-------- MATERIAL PROVIDED --------

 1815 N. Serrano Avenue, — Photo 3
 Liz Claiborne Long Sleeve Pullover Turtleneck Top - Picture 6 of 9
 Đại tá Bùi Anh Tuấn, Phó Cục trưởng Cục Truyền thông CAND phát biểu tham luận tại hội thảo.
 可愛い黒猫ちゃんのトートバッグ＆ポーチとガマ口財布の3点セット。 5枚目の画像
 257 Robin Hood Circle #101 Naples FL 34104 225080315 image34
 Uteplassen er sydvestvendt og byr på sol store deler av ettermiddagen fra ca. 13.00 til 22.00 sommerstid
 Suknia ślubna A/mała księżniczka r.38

--------
-------- MATERIAL PROVIDED --------

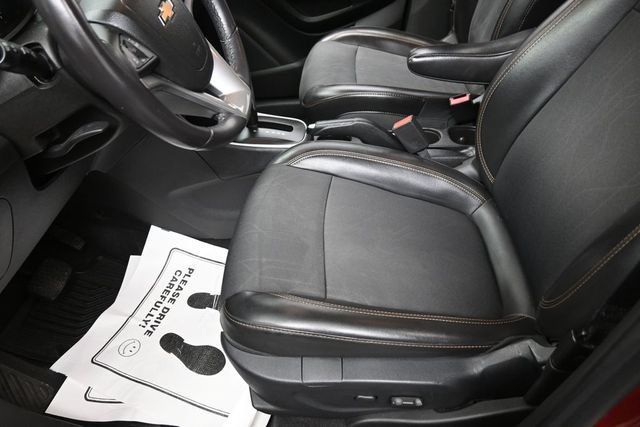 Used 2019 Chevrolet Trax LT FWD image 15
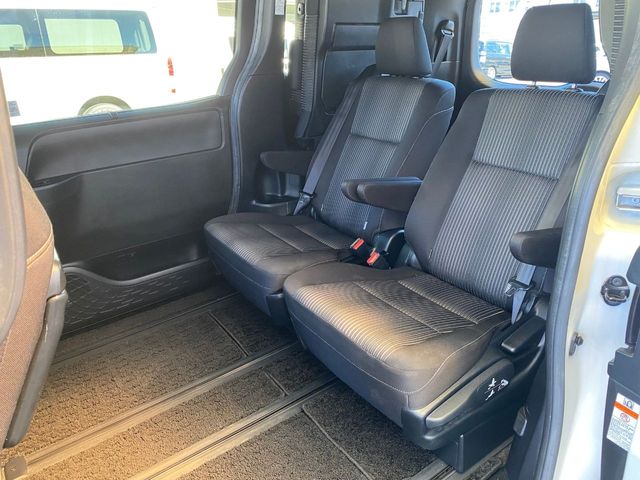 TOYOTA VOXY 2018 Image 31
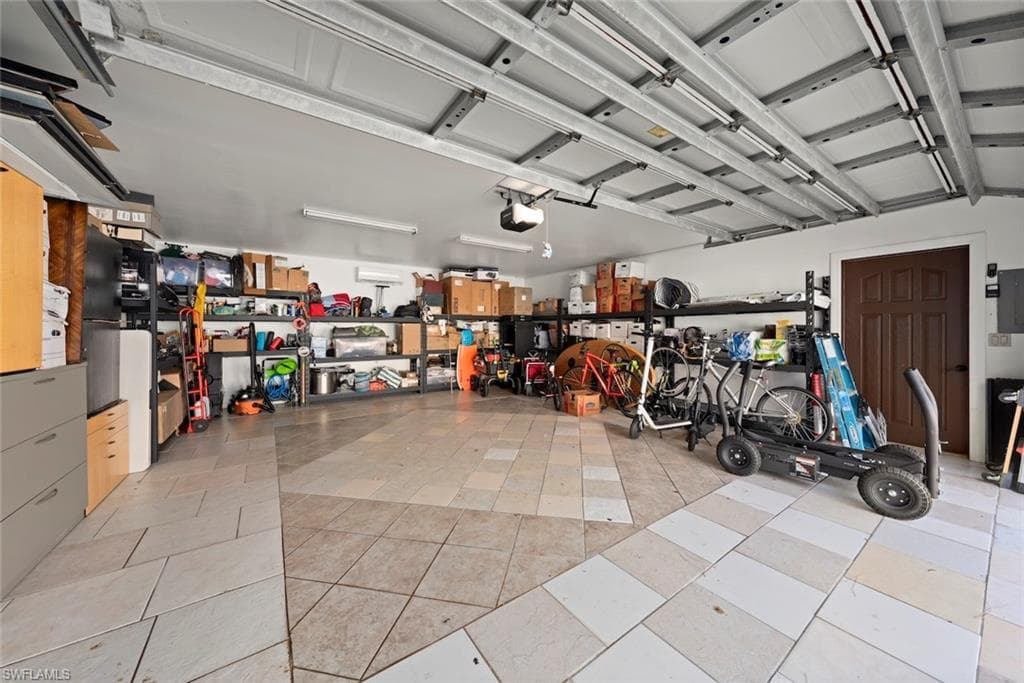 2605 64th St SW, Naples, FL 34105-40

--------
-------- MATERIAL PROVIDED --------

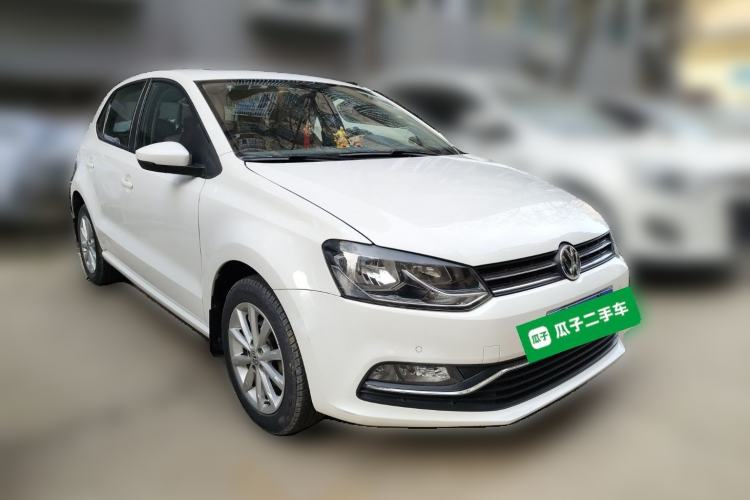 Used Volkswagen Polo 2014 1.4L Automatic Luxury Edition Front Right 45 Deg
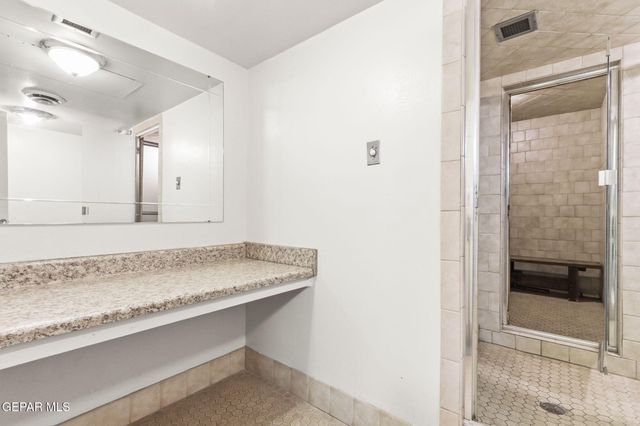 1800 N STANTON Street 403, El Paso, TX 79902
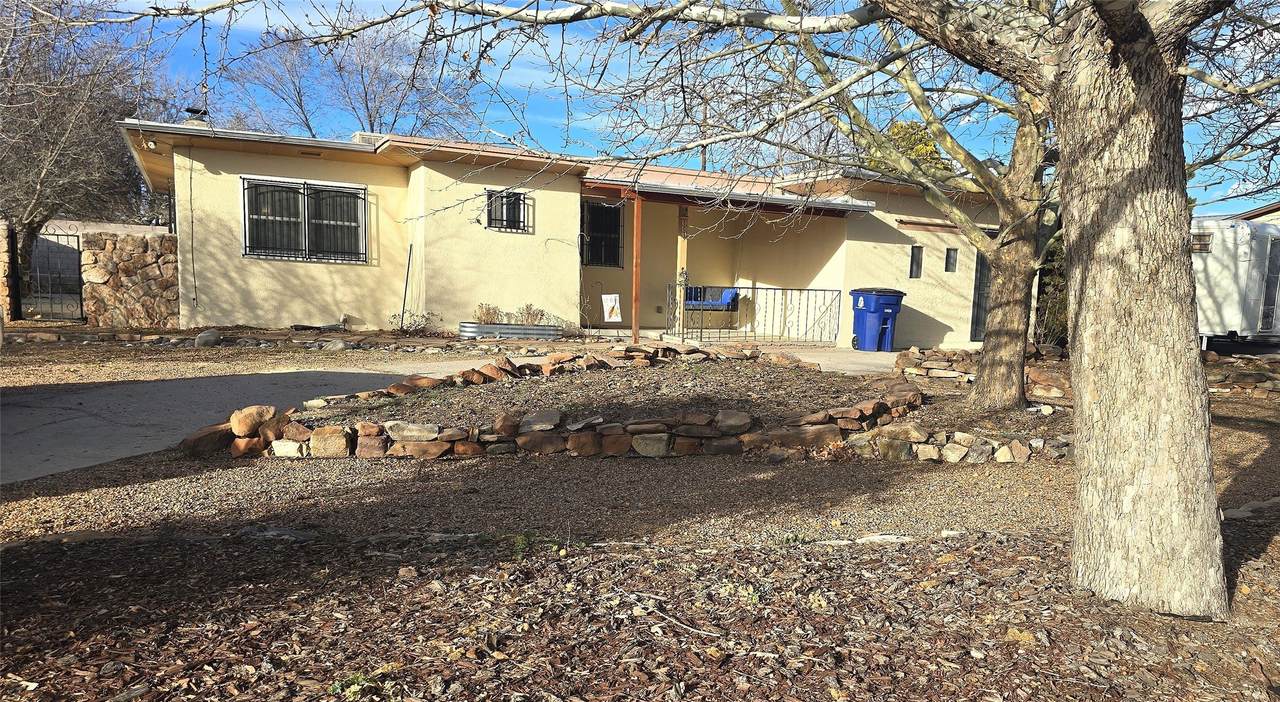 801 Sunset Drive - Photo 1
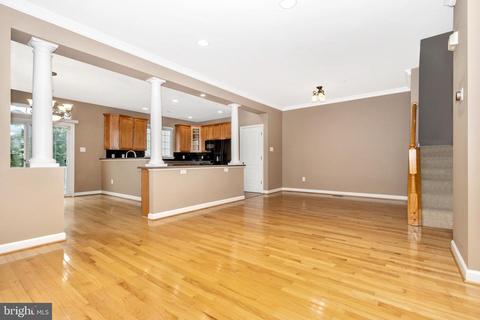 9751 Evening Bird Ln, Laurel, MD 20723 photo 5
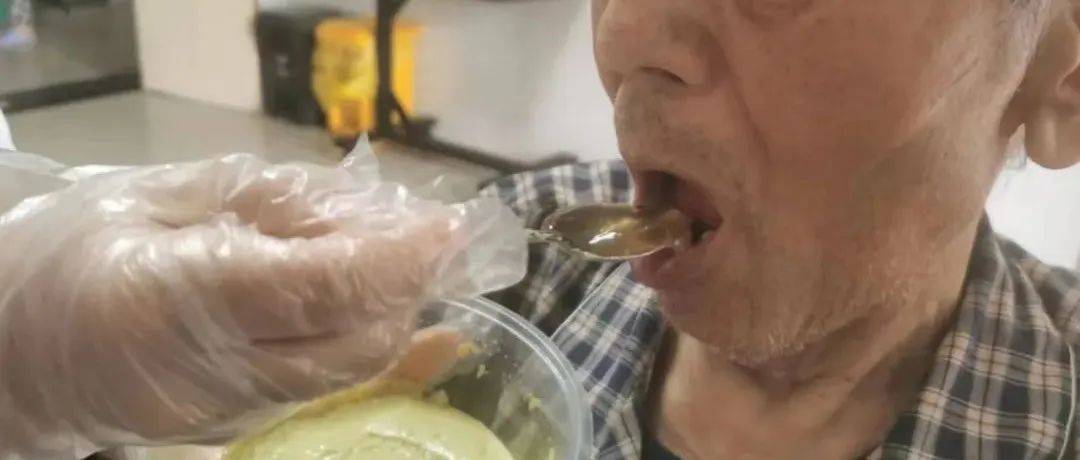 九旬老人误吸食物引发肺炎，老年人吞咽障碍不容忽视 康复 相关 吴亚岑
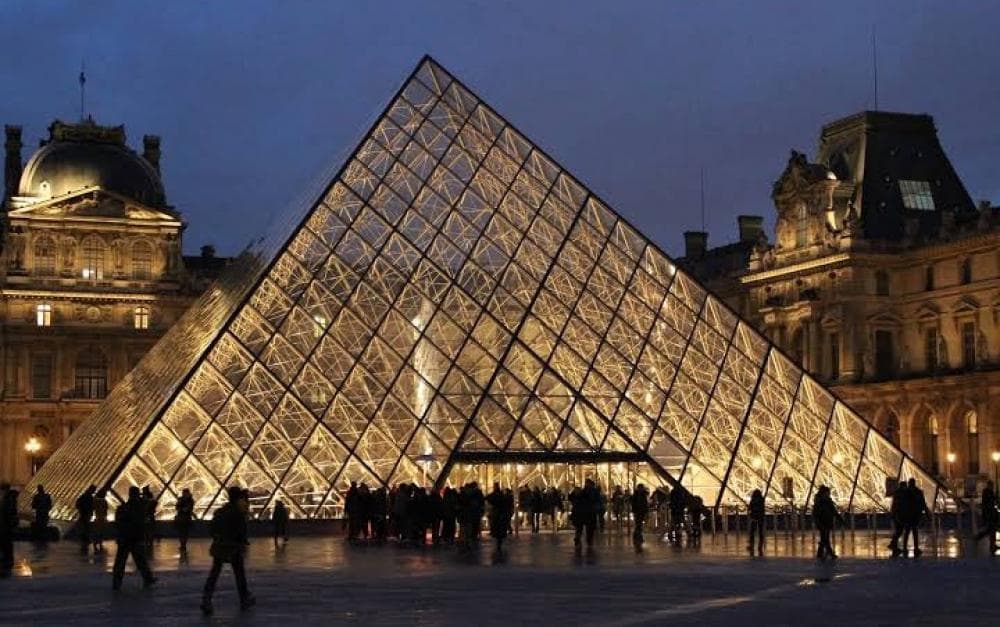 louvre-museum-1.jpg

--------

Look above for the line with "1815 N. Serrano Avenue, — Photo 3" and the line with "Suknia ślubna A/mała księżniczka r.38"; transcribe both and all lines in between, exactly, and nothing else.

• **PROBLEM SOLUTION**:
 1815 N. Serrano Avenue, — Photo 3
 Liz Claiborne Long Sleeve Pullover Turtleneck Top - Picture 6 of 9
 Đại tá Bùi Anh Tuấn, Phó Cục trưởng Cục Truyền thông CAND phát biểu tham luận tại hội thảo.
 可愛い黒猫ちゃんのトートバッグ＆ポーチとガマ口財布の3点セット。 5枚目の画像
 257 Robin Hood Circle #101 Naples FL 34104 225080315 image34
 Uteplassen er sydvestvendt og byr på sol store deler av ettermiddagen fra ca. 13.00 til 22.00 sommerstid
 Suknia ślubna A/mała księżniczka r.38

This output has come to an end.